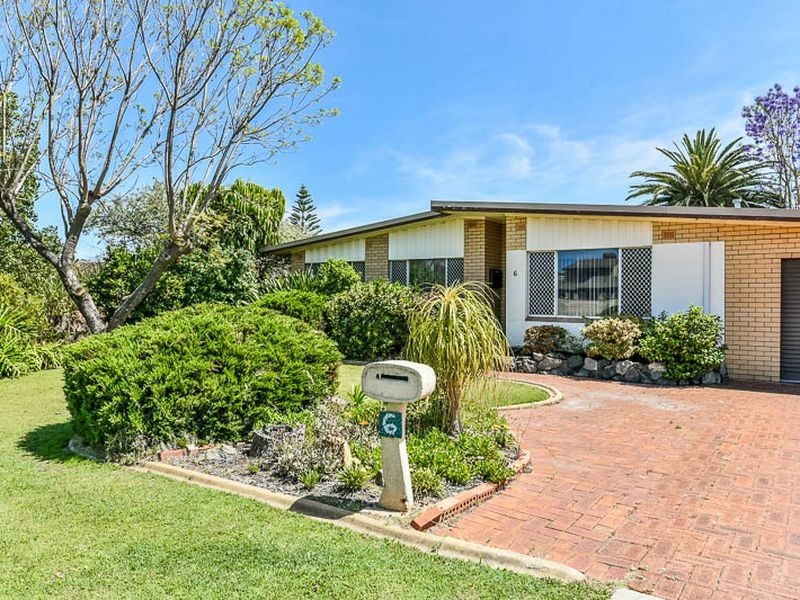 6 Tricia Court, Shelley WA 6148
==
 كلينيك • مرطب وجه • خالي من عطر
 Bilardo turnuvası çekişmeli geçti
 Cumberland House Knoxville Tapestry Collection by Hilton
...
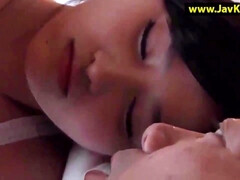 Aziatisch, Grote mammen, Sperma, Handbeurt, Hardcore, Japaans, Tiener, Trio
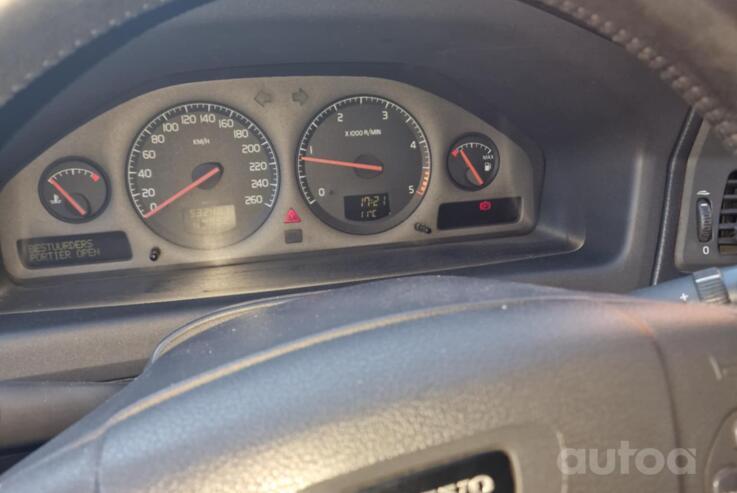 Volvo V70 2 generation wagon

> _To do_
Output exactly the lines above, from the line with "Japaans, Tiener, Trio" to the line with "Volvo V70 2 generation wagon", both included; skip the pictures.

> _Solved problem_
 Aziatisch, Grote mammen, Sperma, Handbeurt, Hardcore, Japaans, Tiener, Trio
 Volvo V70 2 generation wagon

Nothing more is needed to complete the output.